Your goal
Will you return, word for word, only the lines from the top of the data below down to and including the one with "Robe Champêtre Automne"?

[Stored items]
—————

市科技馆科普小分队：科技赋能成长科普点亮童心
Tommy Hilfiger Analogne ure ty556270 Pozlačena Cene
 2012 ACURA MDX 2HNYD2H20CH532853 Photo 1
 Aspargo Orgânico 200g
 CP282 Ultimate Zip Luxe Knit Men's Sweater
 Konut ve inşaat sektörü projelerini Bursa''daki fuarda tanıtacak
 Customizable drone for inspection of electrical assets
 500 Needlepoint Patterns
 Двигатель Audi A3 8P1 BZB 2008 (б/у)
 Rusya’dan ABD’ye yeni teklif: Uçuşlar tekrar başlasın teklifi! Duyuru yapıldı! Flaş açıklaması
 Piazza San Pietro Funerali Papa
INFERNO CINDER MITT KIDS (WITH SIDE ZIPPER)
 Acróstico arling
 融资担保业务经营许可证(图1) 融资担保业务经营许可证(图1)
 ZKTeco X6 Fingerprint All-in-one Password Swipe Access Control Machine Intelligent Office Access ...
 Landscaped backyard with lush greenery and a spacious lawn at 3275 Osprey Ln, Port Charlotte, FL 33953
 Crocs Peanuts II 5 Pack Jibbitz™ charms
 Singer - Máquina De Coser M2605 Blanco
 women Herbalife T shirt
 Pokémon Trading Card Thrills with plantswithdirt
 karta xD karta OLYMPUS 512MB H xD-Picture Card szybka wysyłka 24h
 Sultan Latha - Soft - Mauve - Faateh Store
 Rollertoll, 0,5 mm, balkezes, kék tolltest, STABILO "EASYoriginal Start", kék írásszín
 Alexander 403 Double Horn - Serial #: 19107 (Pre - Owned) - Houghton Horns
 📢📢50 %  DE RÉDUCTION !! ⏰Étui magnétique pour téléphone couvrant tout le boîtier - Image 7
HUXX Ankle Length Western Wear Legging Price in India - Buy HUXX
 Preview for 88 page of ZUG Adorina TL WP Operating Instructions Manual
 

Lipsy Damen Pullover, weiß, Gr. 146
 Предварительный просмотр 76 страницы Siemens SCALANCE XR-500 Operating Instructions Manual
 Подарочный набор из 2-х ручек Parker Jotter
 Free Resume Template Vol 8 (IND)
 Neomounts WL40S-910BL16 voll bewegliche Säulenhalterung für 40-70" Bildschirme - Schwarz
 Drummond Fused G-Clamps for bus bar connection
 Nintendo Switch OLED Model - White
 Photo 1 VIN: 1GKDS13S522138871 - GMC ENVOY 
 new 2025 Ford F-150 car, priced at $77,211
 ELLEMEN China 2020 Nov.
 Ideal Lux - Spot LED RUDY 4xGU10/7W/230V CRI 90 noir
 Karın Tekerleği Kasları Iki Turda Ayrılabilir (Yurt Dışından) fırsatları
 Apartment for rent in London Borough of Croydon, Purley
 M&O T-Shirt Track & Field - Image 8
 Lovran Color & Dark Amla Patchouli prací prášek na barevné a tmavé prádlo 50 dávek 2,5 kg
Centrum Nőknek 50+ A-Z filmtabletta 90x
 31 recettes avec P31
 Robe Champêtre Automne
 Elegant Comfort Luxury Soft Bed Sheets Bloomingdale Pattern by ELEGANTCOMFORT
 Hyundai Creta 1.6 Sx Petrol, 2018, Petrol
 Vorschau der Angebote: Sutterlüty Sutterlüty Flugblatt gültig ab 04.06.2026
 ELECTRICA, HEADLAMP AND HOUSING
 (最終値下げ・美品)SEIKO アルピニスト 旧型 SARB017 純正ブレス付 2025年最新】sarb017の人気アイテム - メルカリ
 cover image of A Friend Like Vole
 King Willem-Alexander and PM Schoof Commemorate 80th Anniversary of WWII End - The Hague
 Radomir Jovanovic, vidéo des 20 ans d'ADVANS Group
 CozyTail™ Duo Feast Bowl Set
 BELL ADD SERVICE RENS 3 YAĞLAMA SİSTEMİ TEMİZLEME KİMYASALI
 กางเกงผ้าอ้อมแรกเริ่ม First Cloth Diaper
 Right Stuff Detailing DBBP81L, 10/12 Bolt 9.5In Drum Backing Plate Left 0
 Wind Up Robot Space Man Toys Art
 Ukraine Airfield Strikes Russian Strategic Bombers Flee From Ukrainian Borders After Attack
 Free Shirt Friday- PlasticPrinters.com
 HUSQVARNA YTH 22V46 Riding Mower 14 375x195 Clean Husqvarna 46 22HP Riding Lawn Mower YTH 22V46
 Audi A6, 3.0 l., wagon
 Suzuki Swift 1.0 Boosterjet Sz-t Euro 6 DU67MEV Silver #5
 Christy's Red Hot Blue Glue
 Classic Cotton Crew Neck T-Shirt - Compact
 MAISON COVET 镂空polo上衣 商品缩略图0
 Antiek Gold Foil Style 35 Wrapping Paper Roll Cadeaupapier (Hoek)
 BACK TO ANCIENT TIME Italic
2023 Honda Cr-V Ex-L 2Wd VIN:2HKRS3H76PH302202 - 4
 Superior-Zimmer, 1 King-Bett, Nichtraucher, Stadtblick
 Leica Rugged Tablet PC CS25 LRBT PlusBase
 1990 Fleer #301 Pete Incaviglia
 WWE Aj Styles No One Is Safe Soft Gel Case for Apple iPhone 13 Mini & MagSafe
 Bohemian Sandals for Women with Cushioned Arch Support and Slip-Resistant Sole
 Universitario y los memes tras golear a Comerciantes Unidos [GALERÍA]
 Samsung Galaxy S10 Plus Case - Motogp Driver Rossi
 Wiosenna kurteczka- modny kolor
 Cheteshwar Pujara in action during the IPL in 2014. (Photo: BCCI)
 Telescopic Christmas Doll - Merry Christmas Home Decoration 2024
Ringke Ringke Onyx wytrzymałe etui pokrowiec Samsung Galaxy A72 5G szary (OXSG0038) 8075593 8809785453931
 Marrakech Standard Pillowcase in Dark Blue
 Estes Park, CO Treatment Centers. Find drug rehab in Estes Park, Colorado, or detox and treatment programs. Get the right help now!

—————

Solution
市科技馆科普小分队：科技赋能成长科普点亮童心
Tommy Hilfiger Analogne ure ty556270 Pozlačena Cene
 2012 ACURA MDX 2HNYD2H20CH532853 Photo 1
 Aspargo Orgânico 200g
 CP282 Ultimate Zip Luxe Knit Men's Sweater
 Konut ve inşaat sektörü projelerini Bursa''daki fuarda tanıtacak
 Customizable drone for inspection of electrical assets
 500 Needlepoint Patterns
 Двигатель Audi A3 8P1 BZB 2008 (б/у)
 Rusya’dan ABD’ye yeni teklif: Uçuşlar tekrar başlasın teklifi! Duyuru yapıldı! Flaş açıklaması
 Piazza San Pietro Funerali Papa
INFERNO CINDER MITT KIDS (WITH SIDE ZIPPER)
 Acróstico arling
 融资担保业务经营许可证(图1) 融资担保业务经营许可证(图1)
 ZKTeco X6 Fingerprint All-in-one Password Swipe Access Control Machine Intelligent Office Access ...
 Landscaped backyard with lush greenery and a spacious lawn at 3275 Osprey Ln, Port Charlotte, FL 33953
 Crocs Peanuts II 5 Pack Jibbitz™ charms
 Singer - Máquina De Coser M2605 Blanco
 women Herbalife T shirt
 Pokémon Trading Card Thrills with plantswithdirt
 karta xD karta OLYMPUS 512MB H xD-Picture Card szybka wysyłka 24h
 Sultan Latha - Soft - Mauve - Faateh Store
 Rollertoll, 0,5 mm, balkezes, kék tolltest, STABILO "EASYoriginal Start", kék írásszín
 Alexander 403 Double Horn - Serial #: 19107 (Pre - Owned) - Houghton Horns
 📢📢50 %  DE RÉDUCTION !! ⏰Étui magnétique pour téléphone couvrant tout le boîtier - Image 7
HUXX Ankle Length Western Wear Legging Price in India - Buy HUXX
 Preview for 88 page of ZUG Adorina TL WP Operating Instructions Manual
 

Lipsy Damen Pullover, weiß, Gr. 146
 Предварительный просмотр 76 страницы Siemens SCALANCE XR-500 Operating Instructions Manual
 Подарочный набор из 2-х ручек Parker Jotter
 Free Resume Template Vol 8 (IND)
 Neomounts WL40S-910BL16 voll bewegliche Säulenhalterung für 40-70" Bildschirme - Schwarz
 Drummond Fused G-Clamps for bus bar connection
 Nintendo Switch OLED Model - White
 Photo 1 VIN: 1GKDS13S522138871 - GMC ENVOY 
 new 2025 Ford F-150 car, priced at $77,211
 ELLEMEN China 2020 Nov.
 Ideal Lux - Spot LED RUDY 4xGU10/7W/230V CRI 90 noir
 Karın Tekerleği Kasları Iki Turda Ayrılabilir (Yurt Dışından) fırsatları
 Apartment for rent in London Borough of Croydon, Purley
 M&O T-Shirt Track & Field - Image 8
 Lovran Color & Dark Amla Patchouli prací prášek na barevné a tmavé prádlo 50 dávek 2,5 kg
Centrum Nőknek 50+ A-Z filmtabletta 90x
 31 recettes avec P31
 Robe Champêtre Automne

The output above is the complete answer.